La pederastia en la Iglesia se hizo pública en el 2002, cuando las víctimas dejaron de esconderse para pedir justicia. Estados Unidos fue el primer país en destapar la vergüenza de los abusos sexuales a niños y adolescentes de ambos sexos en parroquias, colegios y centros atendidos por sacerdotes; tras años de lucha, unos 700 curas fueron despedidos por sus delitos. Para entonces, los responsables de la Iglesia católica llevaban años conociendo los excesos y silenciándolos, en el mejor de los casos apartando al responsable de la atención de los menores, pero también simplemente cambiando a los pederastas de unas parroquias a otras.

Juan Pablo II criticaba los abusos a la vez que tapaba el caso del fundador de los Legionarios de Cristo, el mexicano Marcial Maciel, que violaba a seminaristas y mantenía una familia en paralelo a la Iglesia. Otro ejemplo paradigmático fue el del obispo de Boston, Bernard Law, que tuvo que dimitir en el 2002 por los escándalos -al parecer, encubrió a 150 curas pederastas cambiándolos de parroquia-, pero en el 2004 Juan Pablo II lo nombró arcipreste de la basílica Santa María la Mayor de Roma (de hecho, ofició uno de los funerales del papa).

Cuando Ratzinger se convirtió en Benedicto XVI, los escándalos se sucedían y decidió tomar medidas, pero resultaron tímidas: exigió la renuncia de Maciel, pero le evitó un proceso legal; o animó a los obispos que intervinieran activamente. En los años siguientes visitó varios países reconociendo el dolor causado y pidiendo la aplicación de la justicia. Poco más.

Las asociaciones de víctimas recibían al pontífice con manifestaciones porque lo que ellos querían era una compensación pública, moral, económica, social, espiritual y, por encima de todo, un castigo verdadero a los culpables. Además, trascendió que, siendo prefecto para la Doctrina de la Fe, Ratzinger no intervino en los abusos a 200 niños sordos, o que su hermano tapó algún escándalo como director de un coro en Alemania.

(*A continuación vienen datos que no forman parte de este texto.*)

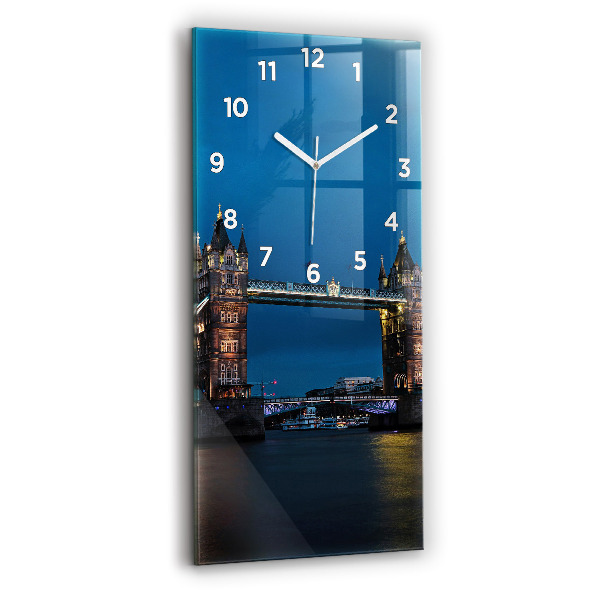 Vertikální nástěnné hodiny Tower Bridge Londýn v noci
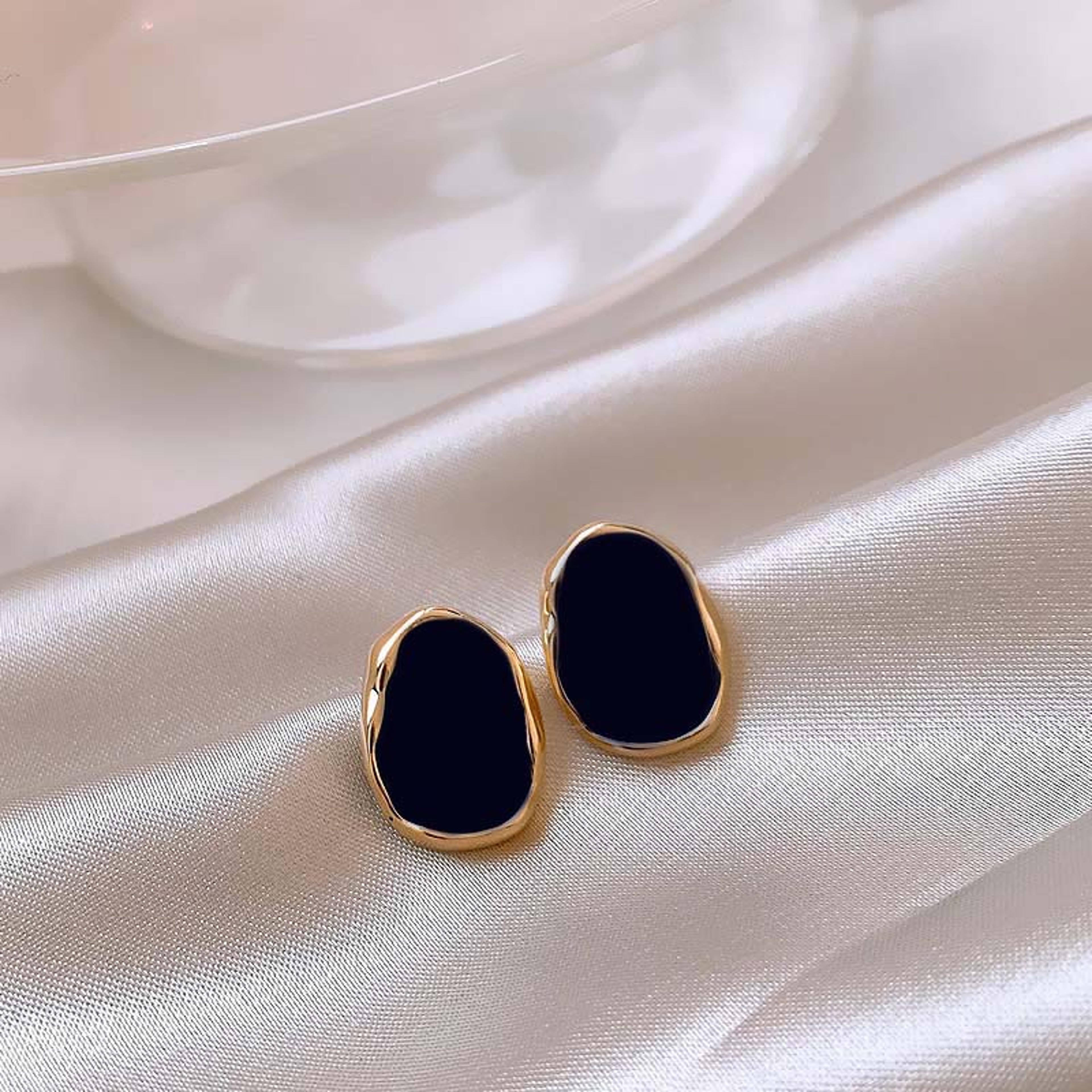 vintage wine red geometric bean stud earrings for women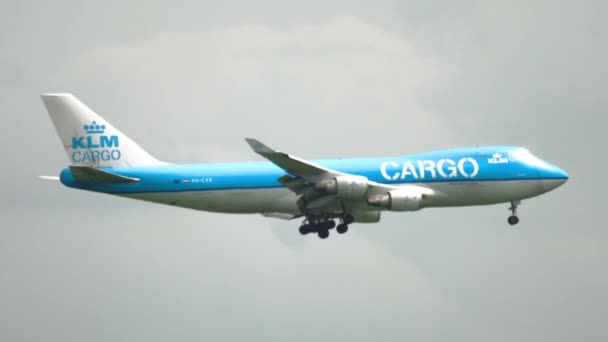 Boeing 747 carga en vuelo — Vídeos de Stock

En el 2010, Benedicto XVI cumplía cinco años de papa mientras la curia, atosigada por las denuncias, negaba la mayor: «Hay un ataque programado que utiliza la pedofilia como pretexto», decía el cardenal Saraiva repitiendo la consigna. Entonces llegó la sorpresa. En mayo, Benedicto XVI viajaba a Fátima y reconocía abiertamente que en esta crisis solo había un culpable, la Iglesia; que pedir perdón era necesario pero no suficiente, que había que denunciar a los pederastas; que no existían los ataques externos a la Iglesia porque ya le llegaba el daño que se hacía desde dentro; y que matar al mensajero (la prensa) no eliminaba el problema. Convocó en noviembre a todos los cardenales, les explicó que tenían que denunciar a la justicia civil los casos y les dio una hoja de ruta en la que se incluía la atención a las víctimas; exigió tolerancia cero y vigilancia para que no volviese a pasar nada parecido. Destituyó a dos obispos díscolos -el de Brujas era pederasta-.

Han pasado dos años. El Vaticano ha sacado la primera estadística: 3.000 curas pedófilos, de los que 300 atacaban a niños pequeños, no adolescentes; el 60 % de los casos prescribieron, el 20 % están en proceso legal; un 10 % fueron expulsados por el papa y otro 10 % pidió la dispensa para abandonar la Iglesia. Los datos ajenos multiplican estas cifras por dos o tres.

¿Es suficiente lo hecho? Aun muchos obispos no colaboran con la justicia local, en África y Asia apenas se ha abordado el problema y las víctimas siguen reclamando cárcel para los pederastas. Los que creen que la crisis se ha encauzado -cerrarla llevará muchos años- piden tiempo.